(Your objective): Write out exactly, and only, the lines below from the line with "T slot welding table, size 15ft x 3ft with 5" through the line with "Aquarell Oster Postkarte"; pictures do not belong in the copy.

(Extracted material):
***

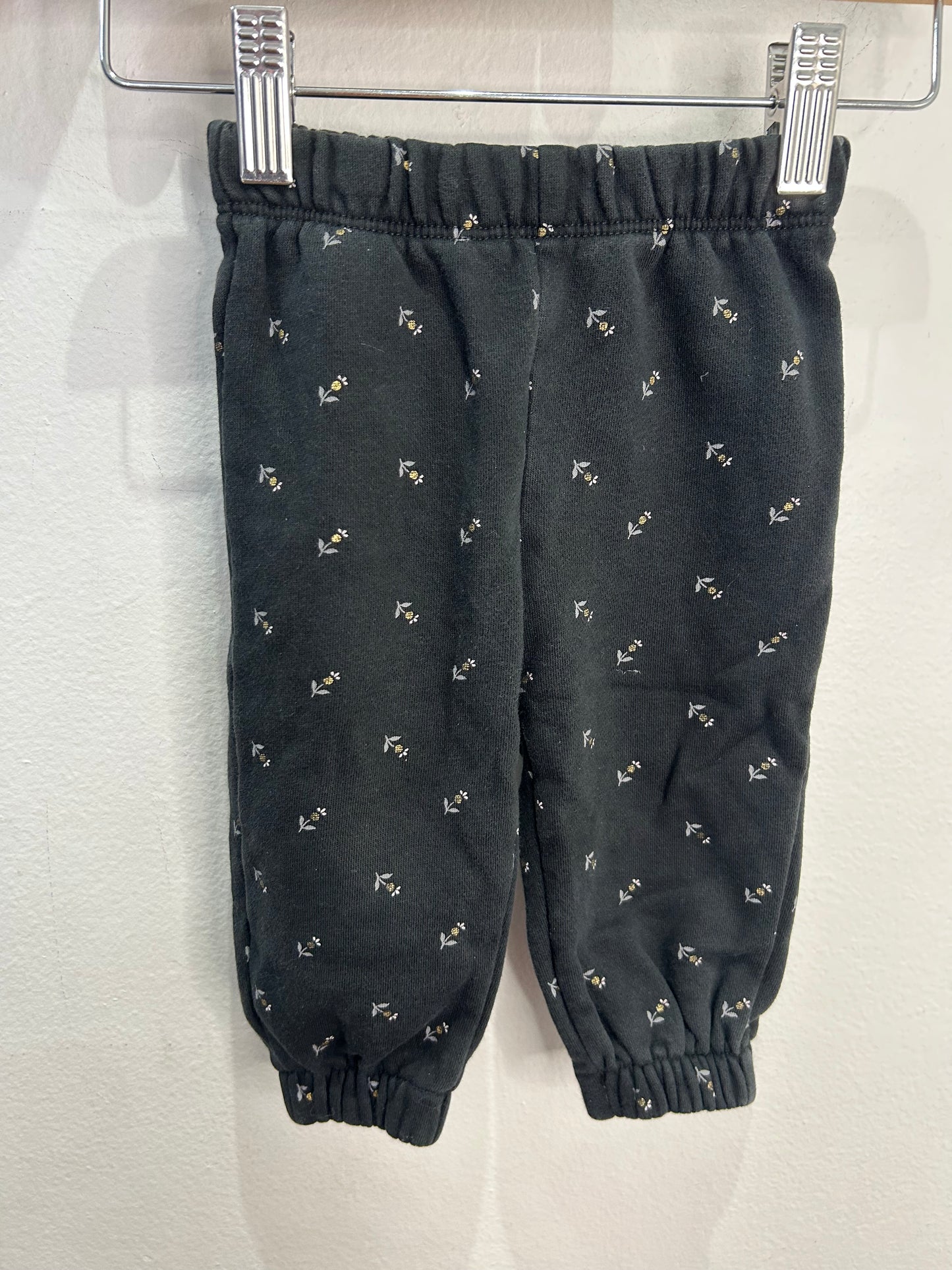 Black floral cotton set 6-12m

***

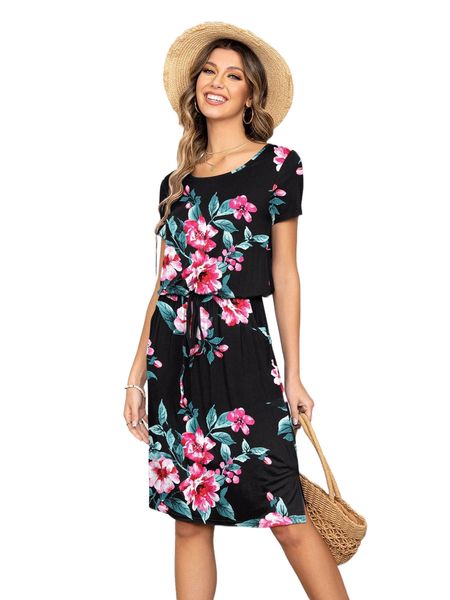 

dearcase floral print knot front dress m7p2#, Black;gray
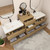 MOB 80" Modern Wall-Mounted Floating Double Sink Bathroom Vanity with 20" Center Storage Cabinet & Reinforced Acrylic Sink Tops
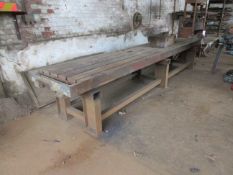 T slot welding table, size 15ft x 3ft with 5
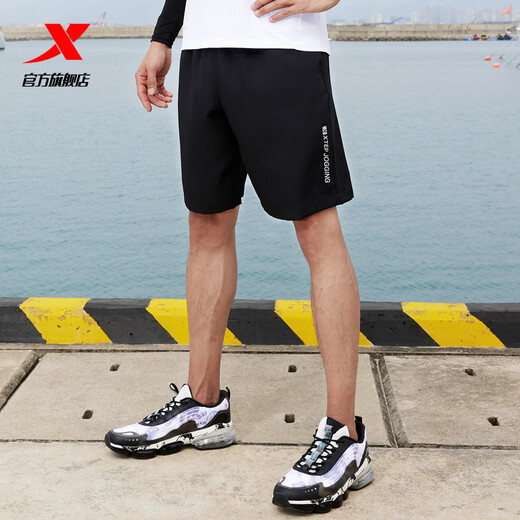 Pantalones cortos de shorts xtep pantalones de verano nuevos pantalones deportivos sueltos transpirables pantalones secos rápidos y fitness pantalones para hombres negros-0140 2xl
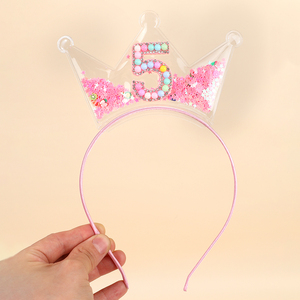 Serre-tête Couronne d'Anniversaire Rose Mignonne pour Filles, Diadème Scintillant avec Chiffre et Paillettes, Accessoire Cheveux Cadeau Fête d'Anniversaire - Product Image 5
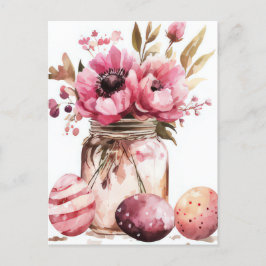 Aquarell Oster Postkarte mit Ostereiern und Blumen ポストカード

***

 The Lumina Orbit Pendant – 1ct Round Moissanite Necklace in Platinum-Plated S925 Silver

***

(Answer to the exercise):
 T slot welding table, size 15ft x 3ft with 5
 Pantalones cortos de shorts xtep pantalones de verano nuevos pantalones deportivos sueltos transpirables pantalones secos rápidos y fitness pantalones para hombres negros-0140 2xl
 Serre-tête Couronne d'Anniversaire Rose Mignonne pour Filles, Diadème Scintillant avec Chiffre et Paillettes, Accessoire Cheveux Cadeau Fête d'Anniversaire - Product Image 5
 Aquarell Oster Postkarte mit Ostereiern und Blumen ポストカード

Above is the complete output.